• **Task description**: Exact copy, no pictures: every line from the one that contains "itsmebbyjunn91" through the end of the data below, and nothing else.

• **Short web captions**:

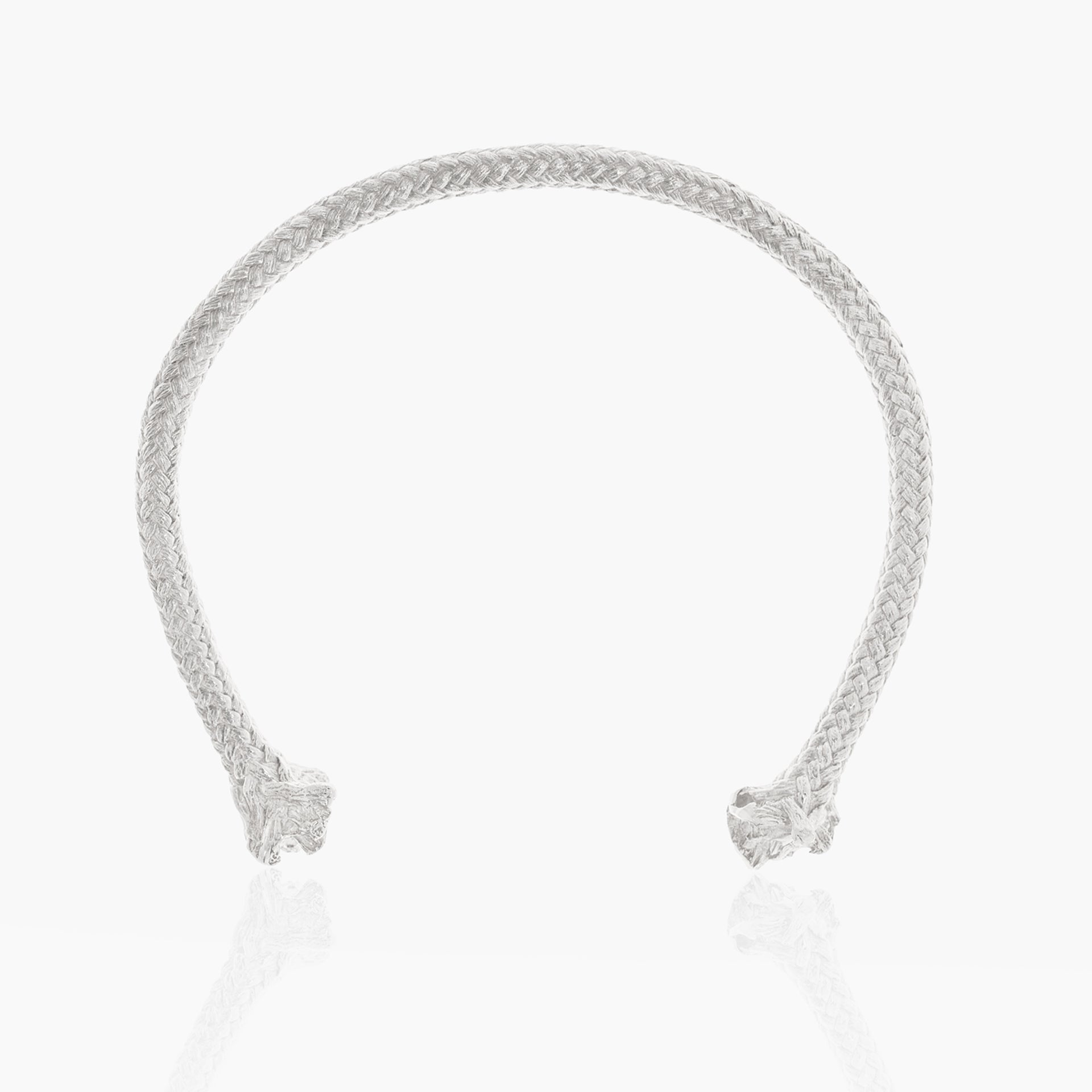 Nautical jewelry men by Angela Lago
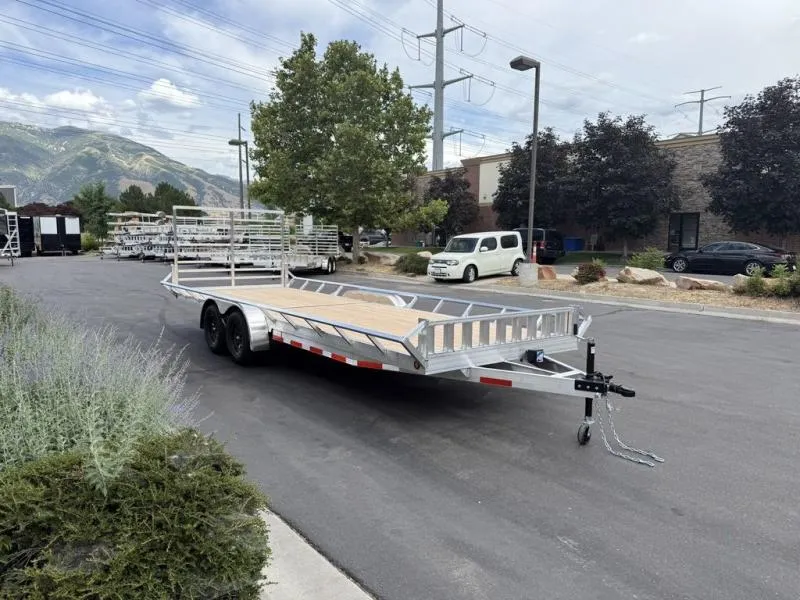 new Other Trailers Other  for sale, in Draper, UT Thumbnail 9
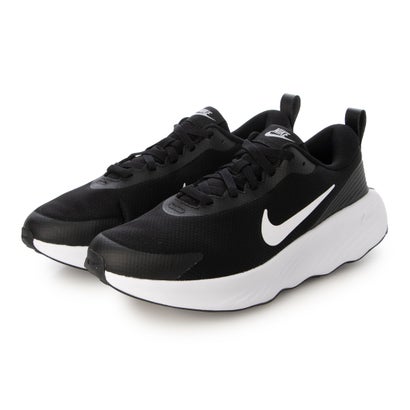 ナイキ NIKE メンズ スニーカー ナイキ プロミナ FV5285002 （ブラック/ホワイト）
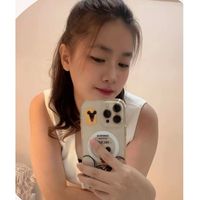 itsmebbyjunn91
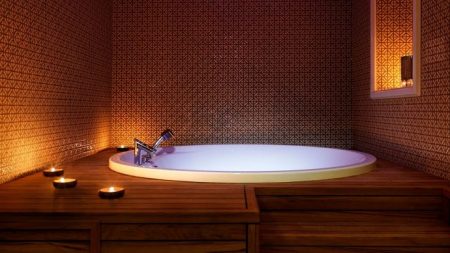 %d8%af%d8%af%d8%af%d8%af17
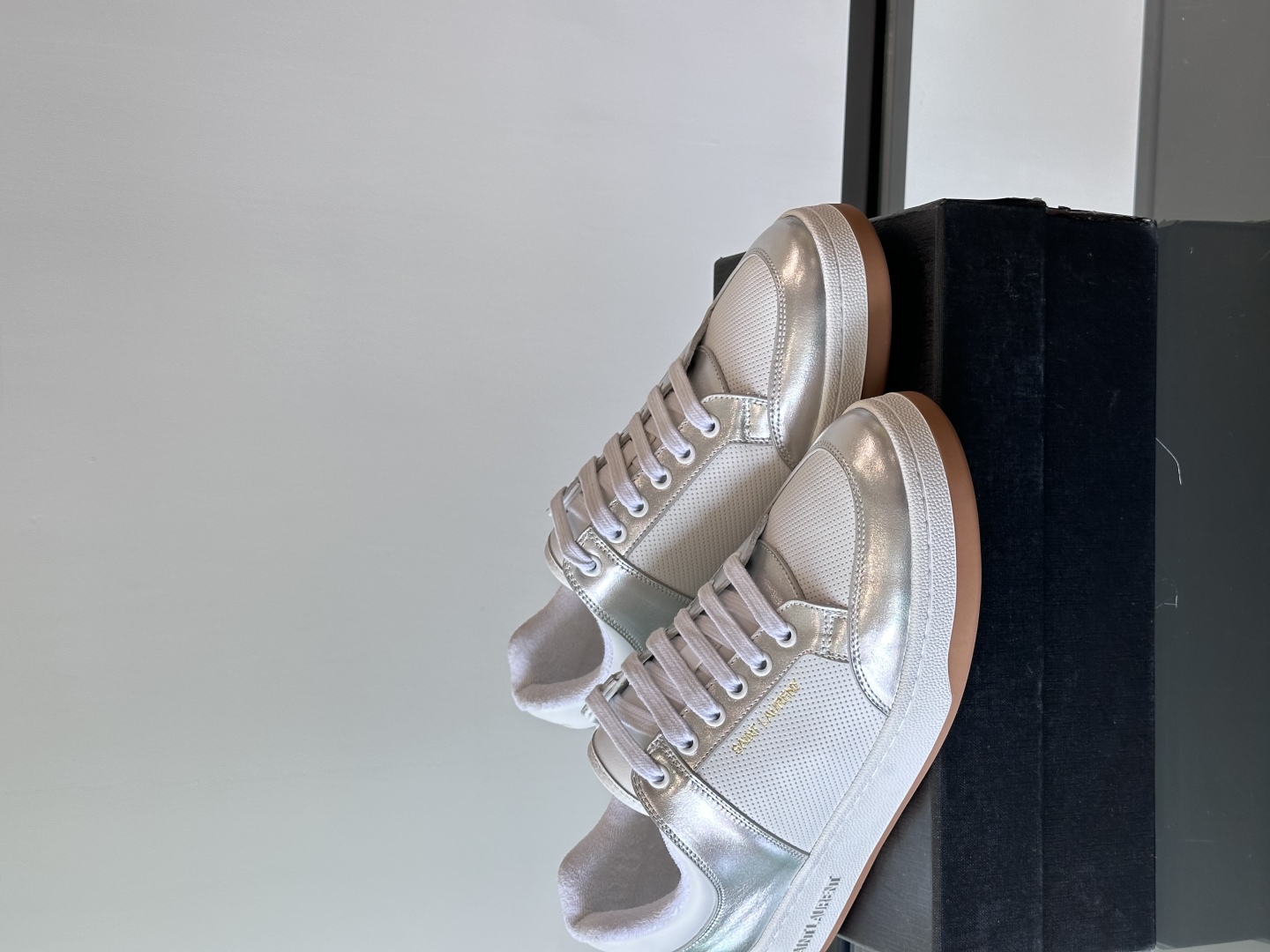 15549088be28018de54149550dc09055_1758349329_9108.jpg 15549088be28018de54149550dc09055_1758349329_9108_1758349356.jpg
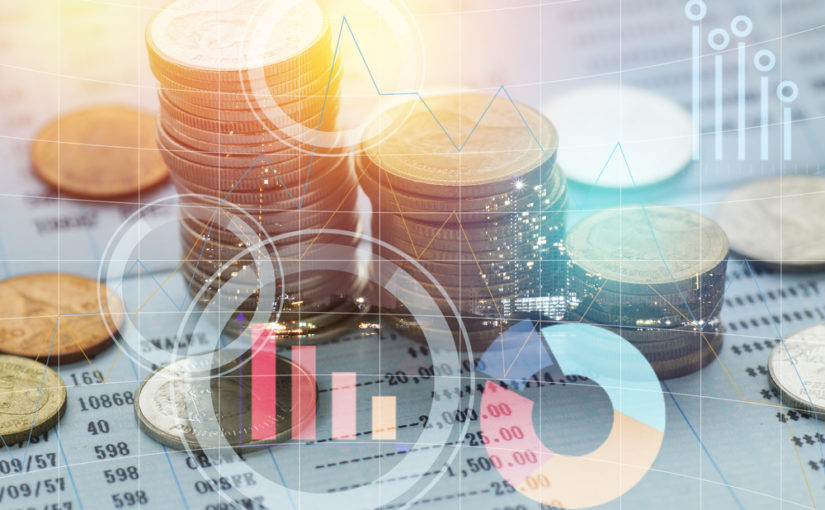 Conseguir financiación sin avales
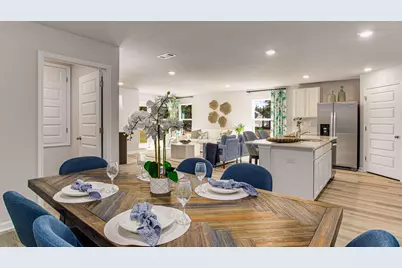 6424 Firefly Drive, Milton, FL 32583 - Photo 7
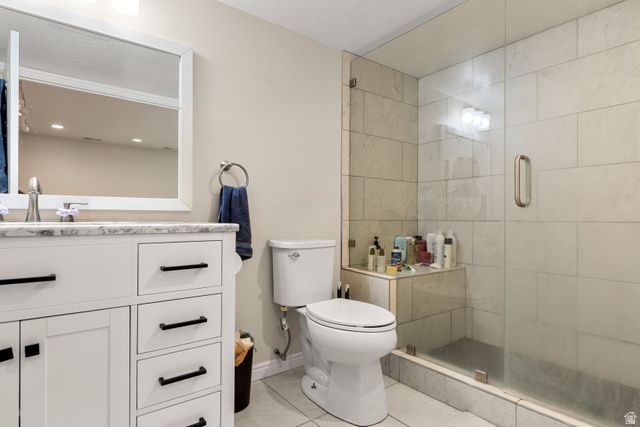 706 S 600 E, Layton, UT 84041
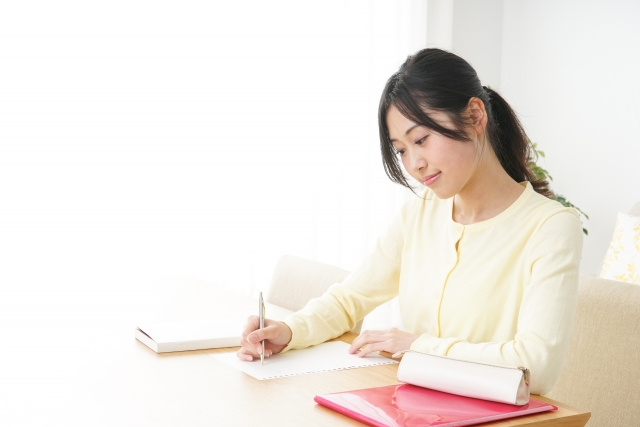 とメリットもある北向きの物件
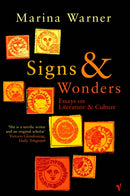 Signs & Wonders : Essays on Literature and Culture-9780099437727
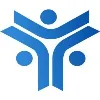 KAMLA LIFESCIENCES LIMITED KAMLA LIFESCIENCES LIMITED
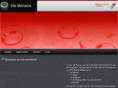 decap-color.com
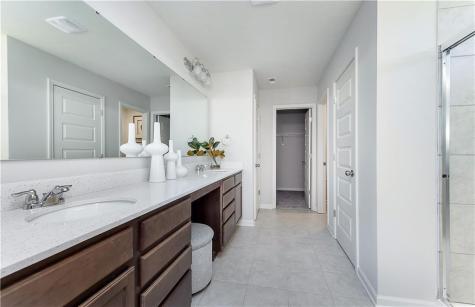 15267 Montfort Drive Noblesville IN 46062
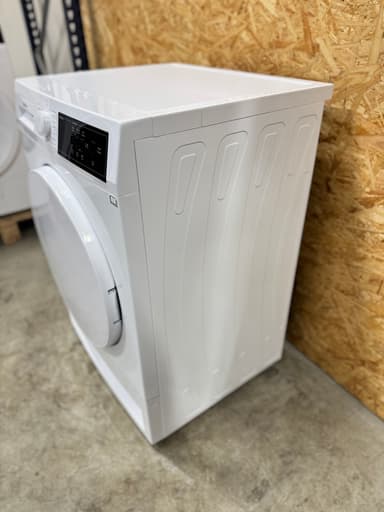 Gram tørretumbler TPS7731-90/1 - D13505 - brugt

• **Exercise result**:
 itsmebbyjunn91
 %d8%af%d8%af%d8%af%d8%af17
 15549088be28018de54149550dc09055_1758349329_9108.jpg 15549088be28018de54149550dc09055_1758349329_9108_1758349356.jpg
 Conseguir financiación sin avales
 6424 Firefly Drive, Milton, FL 32583 - Photo 7
 706 S 600 E, Layton, UT 84041
 とメリットもある北向きの物件
 Signs & Wonders : Essays on Literature and Culture-9780099437727
 KAMLA LIFESCIENCES LIMITED KAMLA LIFESCIENCES LIMITED
 decap-color.com
 15267 Montfort Drive Noblesville IN 46062
 Gram tørretumbler TPS7731-90/1 - D13505 - brugt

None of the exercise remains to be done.